Commonwealth priorities

  1. States will administer NAJP funding in accordance with Commonwealth priorities, which are family law matters, combating gender-based violence against women and children, particularly First Nations women and children, alleviating cost of living pressures such as employment, welfare, housing and financial disputes, Closing the Gap and reducing incarceration rates for First Nations adults and youth.

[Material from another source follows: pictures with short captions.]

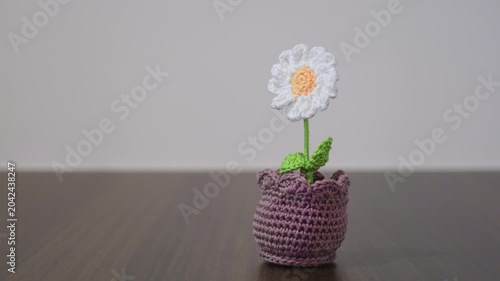 Handmade crochet daisy flower in purple pot
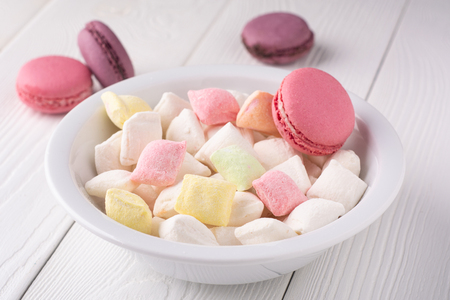 colorful candy and macaroni on a white tableの写真素材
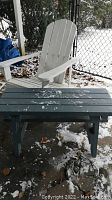 White wooden Muskoka chair next to blue wooden table on outdoor patio with snow patches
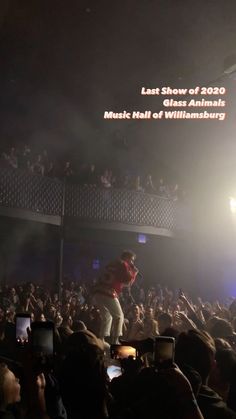 a man standing on top of a stage in front of a crowd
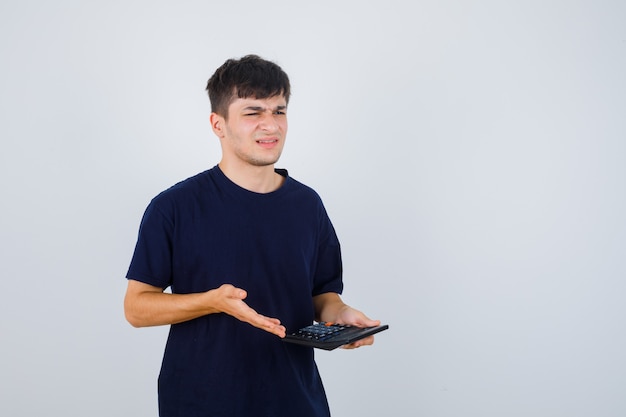 Portret van een jonge man met rekenmachine in zwart t-shirt en op zoek naar geïrriteerd vooraanzicht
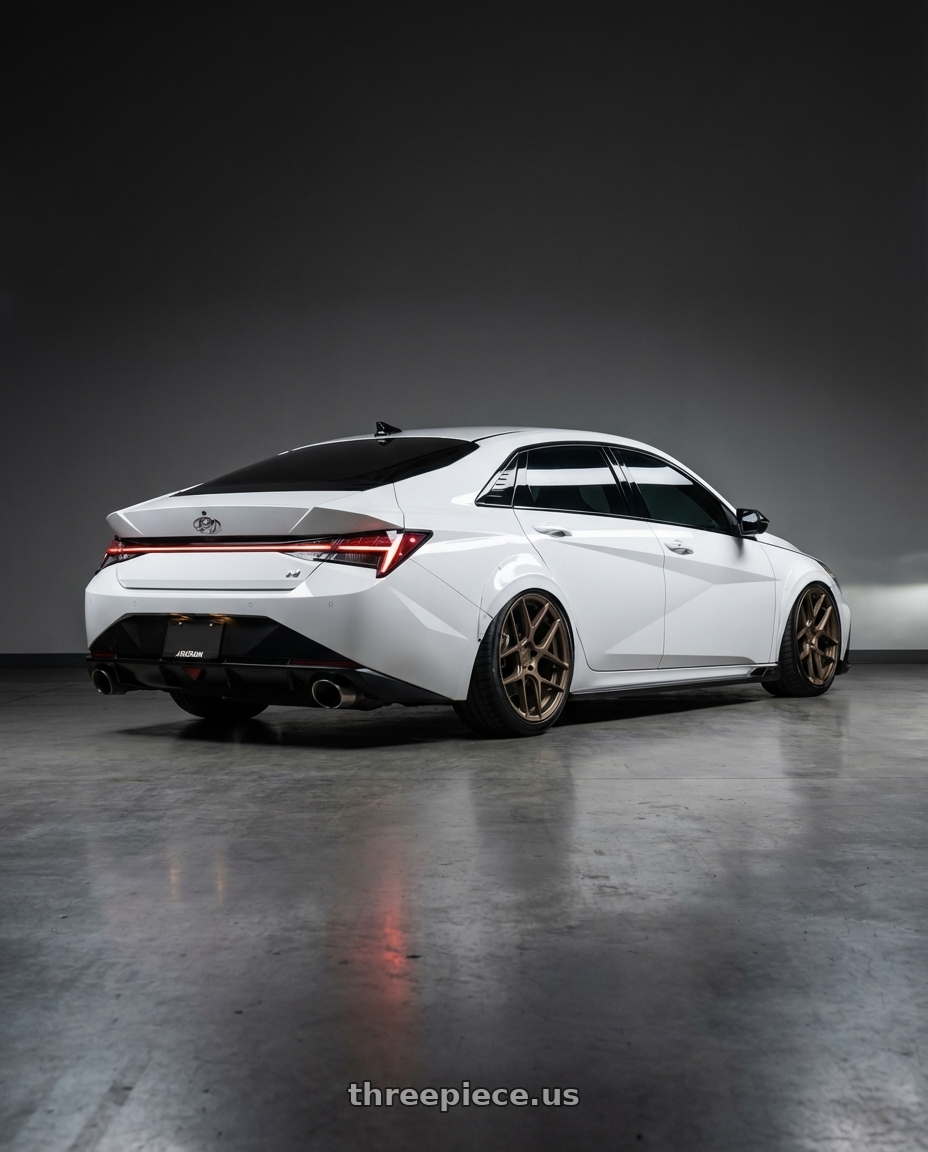 2024 Hyundai Elantra N with Aodhan AFF2 5x114.3 19x9.5+35 Matte Bronze wheels rear three quarter view slight stretch tires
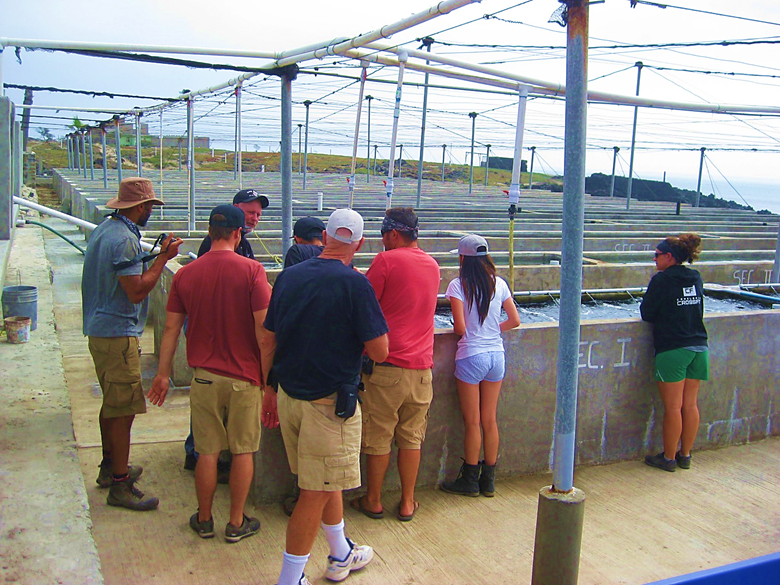 A group of people standing around a track Description automatically generated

Governance, transparency and accountability arrangements under the NAJP

  1. States will continue to administer quarantined funding for Legal Aid Commissions (LACs), Community Legal Centres (CLCs), and Aboriginal and Torres Strait Islander Legal Services (ATSILS), a new quarantined funding stream for Women’s Legal Services (WLS), and will also administer a new quarantined funding stream for Family Violence Prevention Legal Services (FVPLS).
  2. States are responsible for ensuring NAJP funded organisations uphold accountability as publicly funded organisations and work towards best practice governance standards.
  3. The Commonwealth and states will work together to manage high risk service delivery issues, including the ability for the Commonwealth, in consultation with states, to take direct actions in exceptional circumstances.
  4. States will provide funding certainty where appropriate to providers funded under the NAJP.

Data and workforce

  1. The Commonwealth will fund and states will facilitate the Australian Bureau of Statistics’ legal assistance services collection.
  2. The Legal Assistance Data Strategy will be reviewed and updated over the first year of the NAJP, with a focus on streamlining data collection.
  3. The Commonwealth and states will develop an Outcomes Framework, and a sector Workforce Strategy, in consultation with the sector, and extend the National Strategic Framework for 5 years.
  4. The Commonwealth and states will support and jointly fund a five-year review of the NAJP.
  5. States will continue to provide to the Commonwealth information regarding allocation of NAJP funding by provider and state funding information by subsector.
  6. Reduced fragmentation of funding arrangements will reduce reporting obligations with further changes to reporting obligations to be made after the introduction of the Outcomes Framework.

Closing the Gap

  1. All governments will develop a Closing the Gap Schedule (or similar) in the first two years of the NAJP, in partnership with the Aboriginal community‑controlled sector.